Je me suis enregistrée comme demandeuse d'asile
sans logement en novembre 2017. Avec l'ouverture des cases de passages, le HCR
m'a appelé pour m'installer. Je suis vraiment fatiguée, car il y
a trop de problèmes, on doit interdire aux hommes de violer les
femmes.
Je ne peux pas rester ici (Agadez), il n'y a pas de
travail ici. Il n'y a rien à faire ici. Je ne peux rester. Depuis
là, je n'ai pas des nouvelles de ma famille. Je vais aller dans un
endroit où je serais en sécurité. Je ne peux pas rester au
Niger, car il n'y a rien à faire.
Au Cameroun j'étais couturière. Je ne savais
pas où aller, je voulais fuir pour éviter de me faire tuer. Je
voulais aller dans un endroit où je peux trouver du travail et la
sécurité. Ici ce n'est vraiment pas la peine. Je suis
chrétienne, je ne peux m'habiller comme eux les musulmans. Même
là où je travaille les gens m'insultent et cela m'énerve.

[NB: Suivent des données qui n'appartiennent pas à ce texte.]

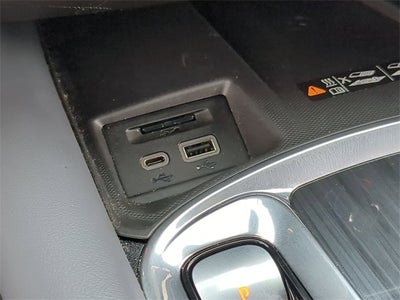 2024 Buick Enclave Premium FWD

La police vient nous arrêter. Ils disent qu'ils veulent l'argent. Cela
fait deux fois qu'on m'arrête. La police prend 10 000 FCFA avec nous
».
Le cas de Yolande indique un départ du pays d'origine
ayant coûté la vie à son père. Elle fuit avec son
frère au Nigeria à la recherche de la sécurité. Sur
la route migratoire, elle est victime de violences puis se retrouve à
Agadez. Yolande formule la demande d'asile à Agadez et continue à
se prendre en charge. Avec la mise en place du dispositif d'assistance
humanitaire le HCR prend attache avec elle et elle est logée et prise en
charge. L'analyse du parcours montre qu'elle a fui le Cameroun pour «
sauver sa vie ». Dans la recherche d'un espace où elle peut
être en sécurité, elle traverse la frontière avec le
Nigéria accompagné de son frère qu'elle perd. Il y a donc
une seconde séparation avec la famille. Sur cette route migratoire, elle
est violée
243
avant de se retrouver à Agadez. Sa demande d'asile
s'inscrit dans une logique circonstancielle, celle de la présence du
bureau du HCR à Agadez. Elle profite donc pour exploiter les avantages
qu'offre son milieu d'accueil en termes de protection.